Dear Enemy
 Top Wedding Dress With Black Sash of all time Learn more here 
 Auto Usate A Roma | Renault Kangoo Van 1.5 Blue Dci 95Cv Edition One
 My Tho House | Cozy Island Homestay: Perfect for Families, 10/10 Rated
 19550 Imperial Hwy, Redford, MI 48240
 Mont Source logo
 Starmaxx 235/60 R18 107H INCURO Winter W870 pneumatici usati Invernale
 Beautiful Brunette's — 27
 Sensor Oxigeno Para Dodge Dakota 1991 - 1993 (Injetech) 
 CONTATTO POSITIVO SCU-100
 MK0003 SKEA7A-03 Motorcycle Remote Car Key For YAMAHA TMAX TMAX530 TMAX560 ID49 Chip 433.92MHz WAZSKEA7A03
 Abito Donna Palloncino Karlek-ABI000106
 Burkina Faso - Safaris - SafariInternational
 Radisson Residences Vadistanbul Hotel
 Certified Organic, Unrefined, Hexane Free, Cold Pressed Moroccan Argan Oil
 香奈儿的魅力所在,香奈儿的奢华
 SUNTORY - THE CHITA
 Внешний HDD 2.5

○ ○ ○ ○ ○

Set down exactly, and only, the lines of the data above from the line containing "Abito Donna Palloncino Karlek-ABI000106" through the last one.

Completed exercise:
 Abito Donna Palloncino Karlek-ABI000106
 Burkina Faso - Safaris - SafariInternational
 Radisson Residences Vadistanbul Hotel
 Certified Organic, Unrefined, Hexane Free, Cold Pressed Moroccan Argan Oil
 香奈儿的魅力所在,香奈儿的奢华
 SUNTORY - THE CHITA
 Внешний HDD 2.5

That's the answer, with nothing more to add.